One Spec out of Five


Headline: Like, a virgin

The Vatican has released a list of their favorite films which uplift the human spirit and celebrate Christian values; Stigmata was not one of them. You don’t have to be a biblical scholar to know why this movie is in a downward spiral from reel one. Stigmata is a feature-length music video with a story as thin as a communion wafer. Director Wainwright’s gospel according to MTV is burnt onto every millimeter of film, his cinematic style carbon-dated early 80s: we get every slow-mo pigeon, flickering candle and overflowing bathtub Prince didn’t use for his video When Doves Cry. And the ever-falling rain with nary a rainbow in sight is straight out of Bladerunner.

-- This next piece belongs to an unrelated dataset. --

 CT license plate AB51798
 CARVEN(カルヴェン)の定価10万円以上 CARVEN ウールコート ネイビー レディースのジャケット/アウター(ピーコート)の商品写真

We’ve been in this city of the damned before (Pittsburgh sitting in for Sodom) and know our way around.
Unlike “the greatest story ever told” the plot this time is about as compelling as wine turned into water. Frankie Paige (Patricia Arquette) is a young graduate of a hairdressing academy from Naples, Florida, who has ended up in the big, bad urban center of her dreams. Now she works at “The Cut” - the kind of hip alternative place where a person can either get their hair done or have their nipples pierced. Frankie - who spends every night in a demonic underground club (get it?) where shots pour like blood from wounds and every dance is a gesture of profound degradation and every song is written by Billy Corgan - is the profane side of this binary equation.

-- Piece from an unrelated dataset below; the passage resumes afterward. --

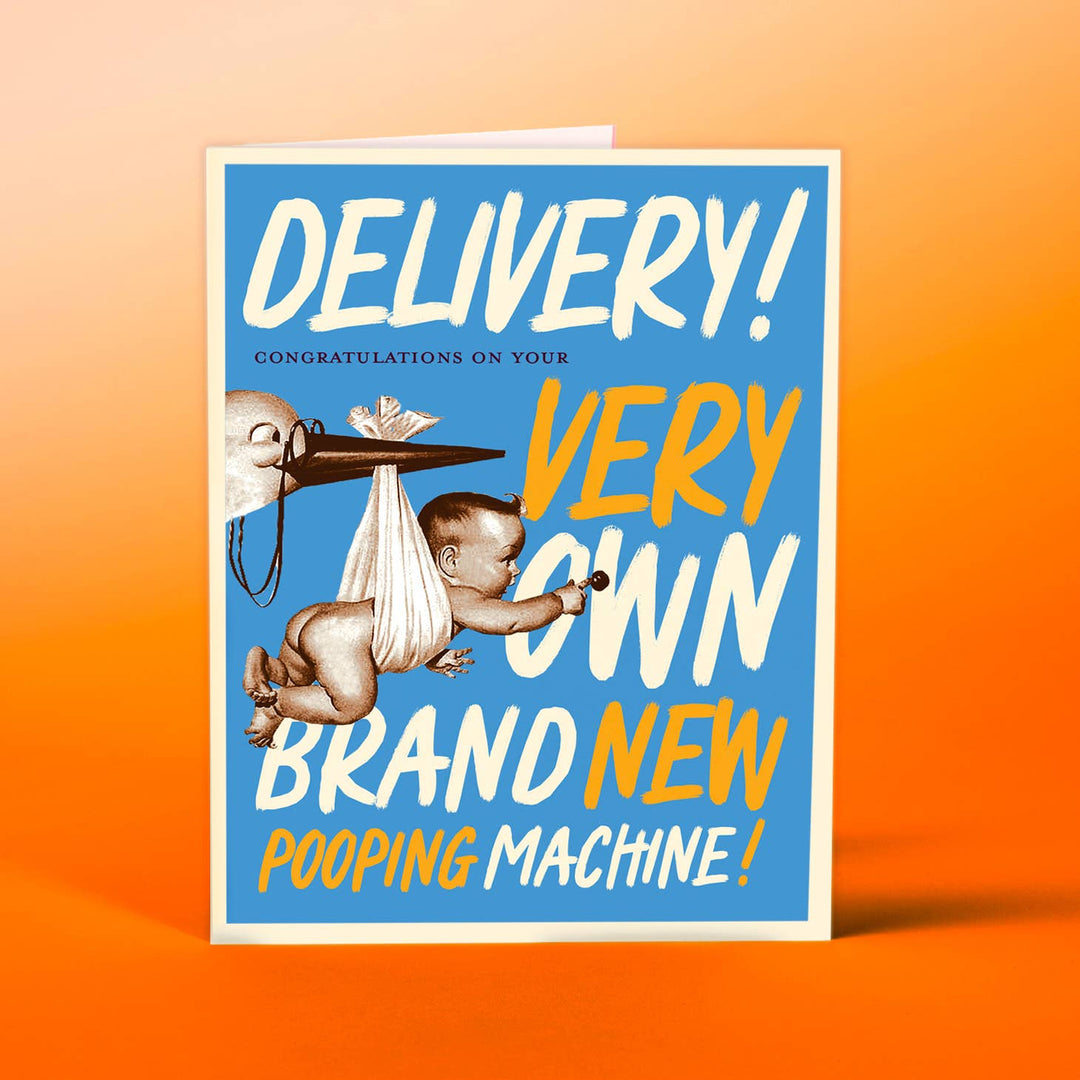 Delivery New Pooping Machine Greeting Card - Blue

Father Andrew Kiernan (Gabriel Byrne) represents the token sacred side of life. Kiernan, a suave Jesuit, is no blind follower, however. He’s a complex man, an organic scientist turned priest in order to reconcile the mystery of life - a “big hole” science can’t fill without religion’s shovel. Father Kiernan works for a kind of Vatican X-files unit, travelling around the world in search of miracles he can debunk or establish as fact, according to his rigorous methods of snapping photographs and taking blood samples from weeping icons.

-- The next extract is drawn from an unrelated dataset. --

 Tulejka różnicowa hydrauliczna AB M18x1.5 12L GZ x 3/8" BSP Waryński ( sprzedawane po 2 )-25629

His sinister boss, played by Jonathan Pryce with grave elegance and a wink (he knows this is a B-movie) sends Kiernan to investigate poor Frankie, who begins to suffer the “five wounds of the stigmata” in alarming displays of bleeding and writhing on crowded public transport. She may be our next Lady of the Subway.
This is where the hyper jump-cuts and blue-lit “religious wounding” scenes achieve a kind of orgiastic, over-the-top momentum breathtaking in their secular shamelessness. With an obsessive, fetishistic abandon of narrative logic, we are repeatedly made witness to deadening visual excess: Arquette as she wrestles with an unseen demonic/angelic violator who throws her across rooms, rams invisible nails through her wrists, tears her clothes off revealing a navel-ring and cool tattoo, and whips her back into a sanguine mess. All this while the cool-eyed priest watches and secretly lusts in his heart, tempted by the tormented woman.
Stigmata comes close to the sort of weird porn that trades in images of nuns with a strange devotion to crucifixes - and barely manages to discharge its erotic surplus with a violent climax lifted from a far more sensitive script. Frankie, a kind of skanky Joan of Arc, is a messenger sent to reveal a long-suppressed “Gospel of Jesus” which threatens Catholicism (as in The Da Vinci Code) by suggesting that God requires no intermediary and is founded not on a rock but every pebble on the beach: Martin Luther meets Buddha.
Kiernan exposes the papal conspiracy, defeats his boss, and carries the exorcised Frankie from a burning bed into a misty garden full of flowers. Deep character issues are now easily resolved. The priest/scientist has found new faith with the love of a good woman, and the lost white trash hairdresser is born-again and a magnet for doves.